> [Problem description]
Set the data below down again, exactly, with every picture left out.

########################################

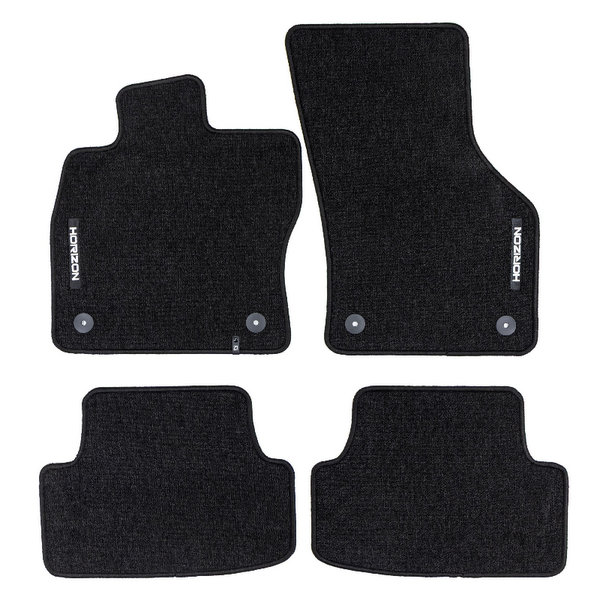 TEKSTILA PAKLĀJIŅI HORIZON AUDI A3 8V 2013-2020; VW GOLF VII 2012-2020; AUDI A3 SPORTBACK 8V 2013-2020; SEAT LEON III 2012-2020; VW GOLF VIII 2019- TEKSTILA PAKLĀJIŅI HORIZON AUDI A3 8V 2013-2020; VW GOLF VII 2012-2020; AUDI A3 SPORTBACK 8V 2013-2020; SEAT LEON III 2012-2020; VW GOLF VIII 2019-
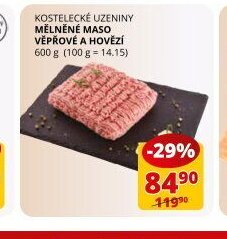 Kostelecké uzeniny mleté maso vepřové a hovězí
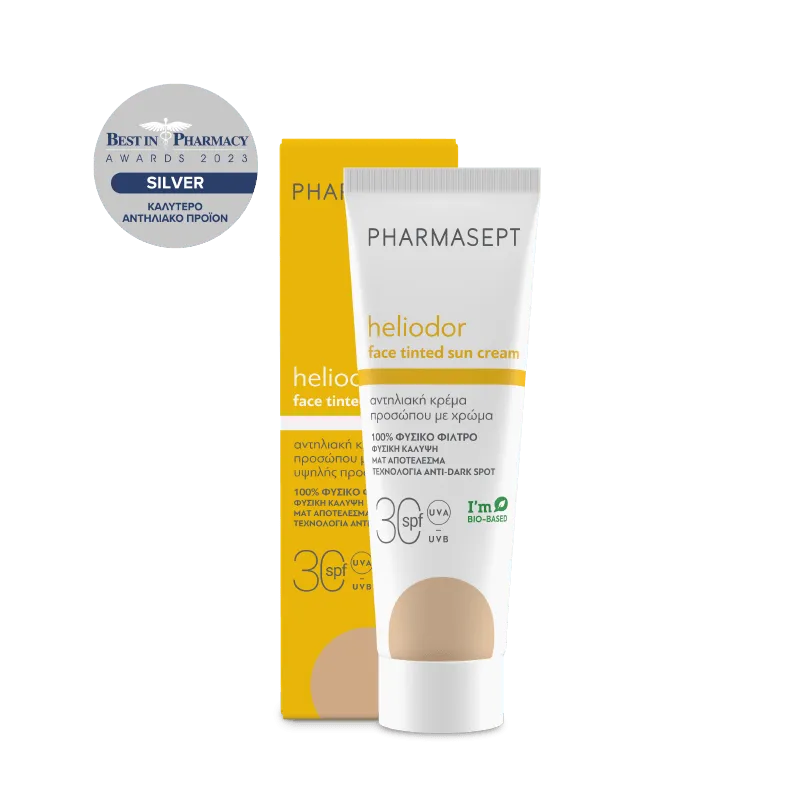 Pharmasept - Heliodor Face Tinted Sun Cream SPF30 - GOLDFARMACI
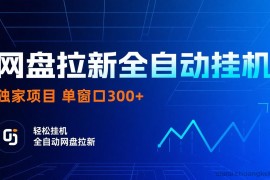 网盘拉新全自动挂机项目 独家稳定 单窗口轻松日入300+ 可矩阵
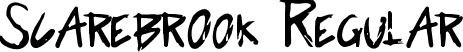 Scarebrook Regular font - Scarebrook.ttf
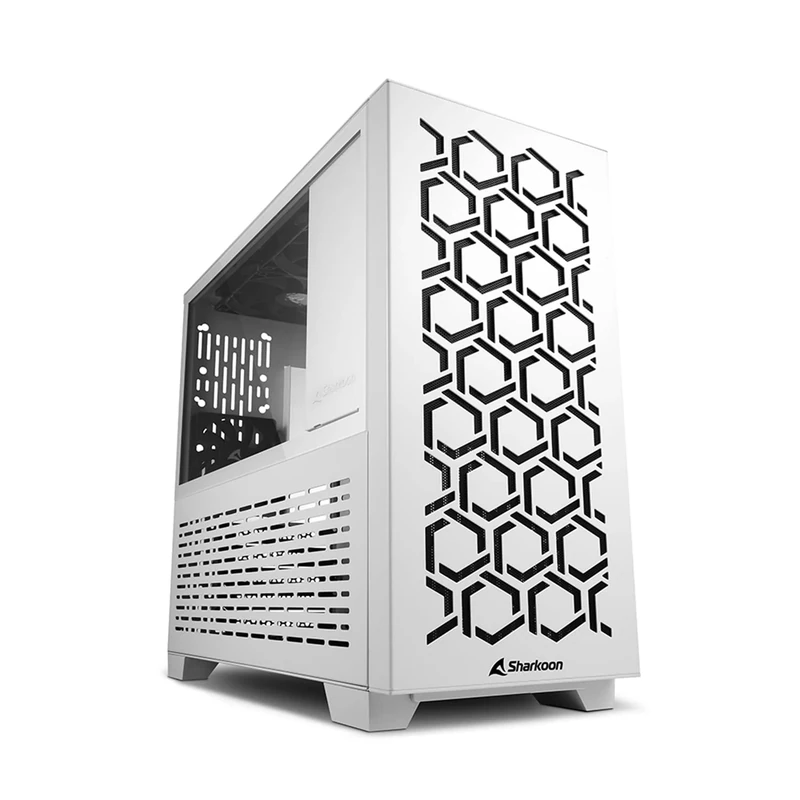 Sharkoon MS-Y1000 White, Micro-ATX PC Case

########################################

> [Task result]
 TEKSTILA PAKLĀJIŅI HORIZON AUDI A3 8V 2013-2020; VW GOLF VII 2012-2020; AUDI A3 SPORTBACK 8V 2013-2020; SEAT LEON III 2012-2020; VW GOLF VIII 2019- TEKSTILA PAKLĀJIŅI HORIZON AUDI A3 8V 2013-2020; VW GOLF VII 2012-2020; AUDI A3 SPORTBACK 8V 2013-2020; SEAT LEON III 2012-2020; VW GOLF VIII 2019-
 Kostelecké uzeniny mleté maso vepřové a hovězí
 Pharmasept - Heliodor Face Tinted Sun Cream SPF30 - GOLDFARMACI
 网盘拉新全自动挂机项目 独家稳定 单窗口轻松日入300+ 可矩阵
 Scarebrook Regular font - Scarebrook.ttf
 Sharkoon MS-Y1000 White, Micro-ATX PC Case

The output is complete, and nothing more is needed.